When young women go missing


Photo via Instagram @indigenouspeoplesmovement

There is a disproportionate amount of recognition for women of color in national headlines and prime time news cycles

When 22-year-old Gabrielle Petito went missing while on a cross-country road trip, she made headlines and podcasts all across the country. Shortly thereafter, her remains were found near a campground in Grand Teton National Park in Wyoming. While her disappearance made headlines, the disappearance of hundreds of Indigenous women are rarely discussed or even reported at all.

According to Wyoming state reports, Indigenous people make up 21 percent of homicides in the state but only 3 percent of the population. Over 700 women have gone missing in Wyoming over the past decade which is a shocking number, particularly because the media has barely covered any of the disappearances.

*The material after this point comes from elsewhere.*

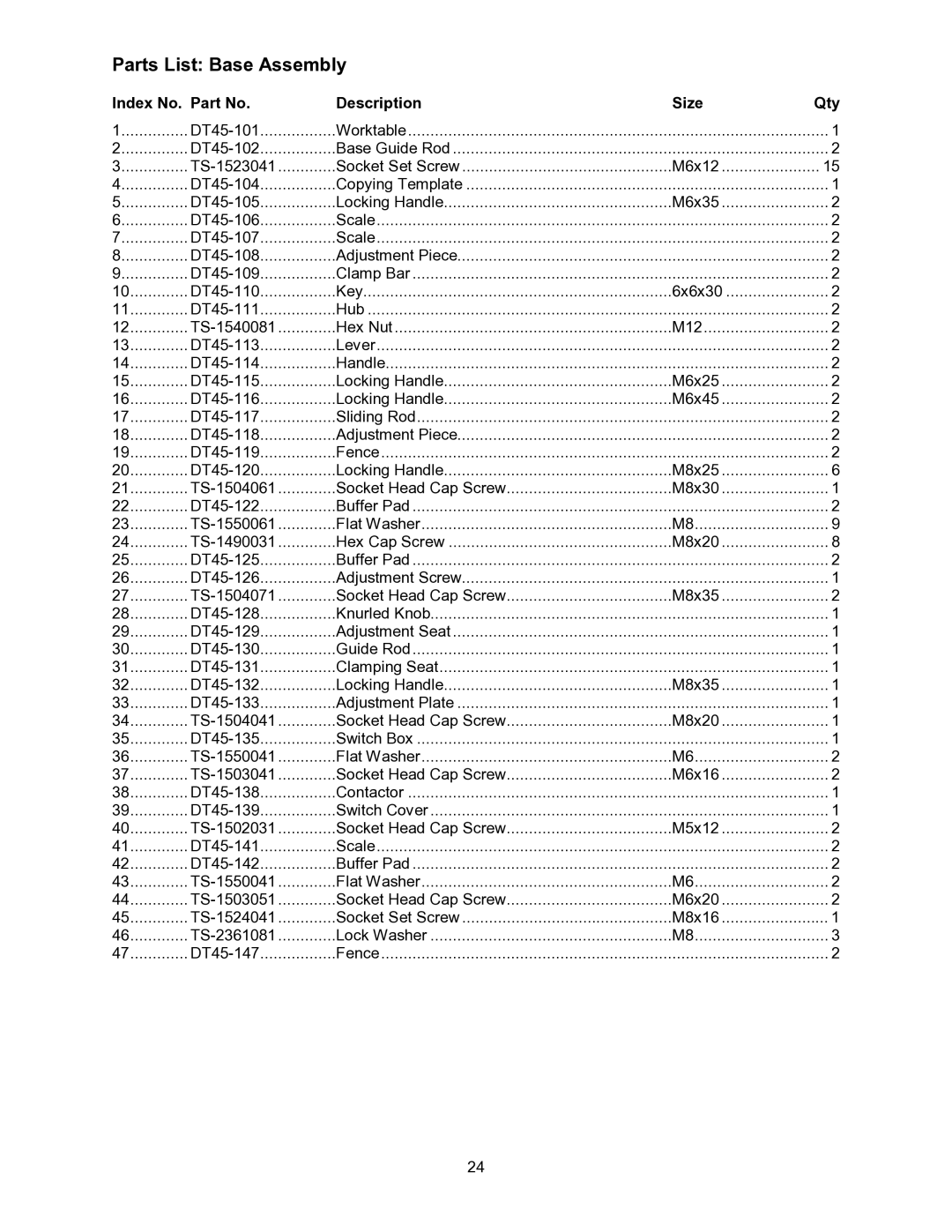 Powermatic DT45 operating instructions Parts List Base Assembly, Index No. Part No Description Size Qty 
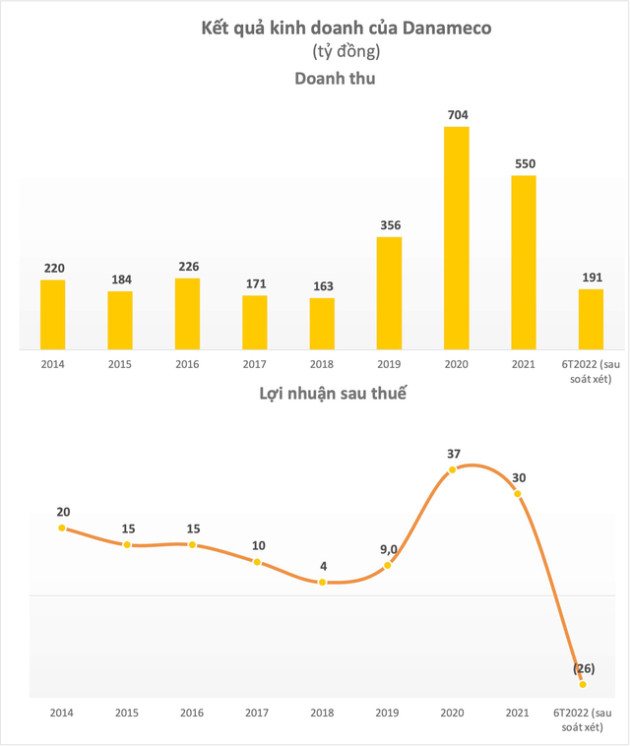 Thị giá giảm 60% sau nửa năm, doanh nghiệp từng lãi lớn nhờ bán khẩu trang tạm dừng chào bán cổ phiếu riêng lẻ - Ảnh 3.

When missing Indigenous women are reported, journalists tend to write about them using derogatory terms and negative connotations, according to a Sep. 22 New York Times article. When white women go missing, journalists sympathize with their families and write it as a tragedy. Women of all races should receive equal and sympathetic news coverage when disappearances occur. Indigenous people and people of color are rightfully upset that Petito’s disappearance and disappearances of other white women are covered in-depth while the disappearances of their own women are rarely recognized. Any woman who goes missing deserves justice, but 21 percent of Indigenous women remain missing for 30 days or longer and we hear nothing about it.

The questions remain: Why does the media only report when beautiful, young, white women go missing? Why doesn’t the media place emphasis on all women who deserve justice?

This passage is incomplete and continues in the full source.